**WHAT YOU SHOULD DO**
Leave the pictures out and quote only the lines from the one with "JUAL CEPAT JAM" down to the end of the listing below.

**DATA**
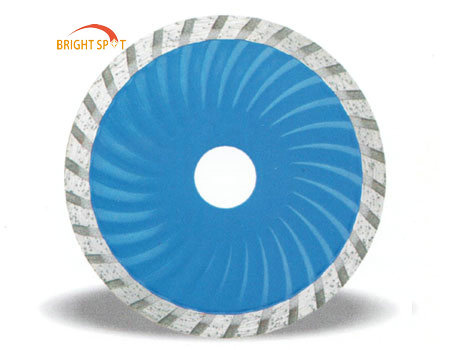 180mm Diamond Saw Blade Sintered Turbo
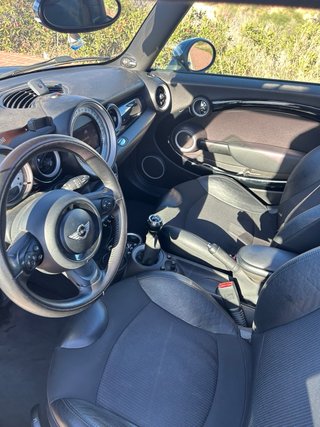 MINI Cooper S N18 184cv | 2012 | Manual | Techo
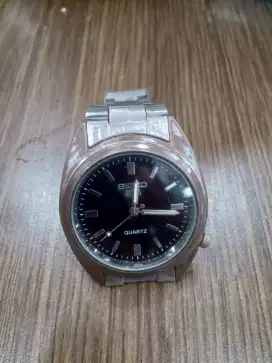 JUAL CEPAT JAM SEIKO SESUAI FOTO COD SPBU PERTAMINA TENDEAN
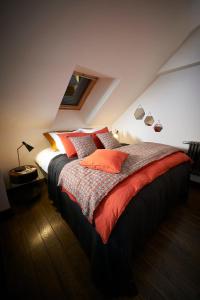 Appartements Bubble 8 : photos des chambres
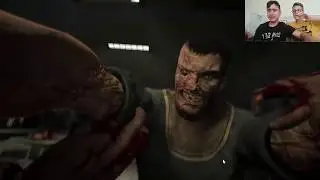 NERDESİN PEDER!! Outlast #3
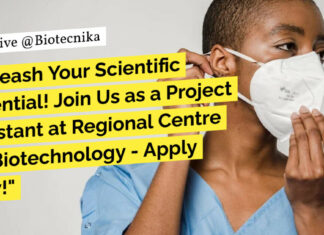 MSc & MTech Life Sciences Project Assistant at Regional Centre for Biotechnology – Apply Now! MTech Life Science Project Job Opening at Regional Centre for Biotechnology - Apply Now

**ANSWER BOX**
 JUAL CEPAT JAM SEIKO SESUAI FOTO COD SPBU PERTAMINA TENDEAN
 Appartements Bubble 8 : photos des chambres
 NERDESİN PEDER!! Outlast #3
 MSc & MTech Life Sciences Project Assistant at Regional Centre for Biotechnology – Apply Now! MTech Life Science Project Job Opening at Regional Centre for Biotechnology - Apply Now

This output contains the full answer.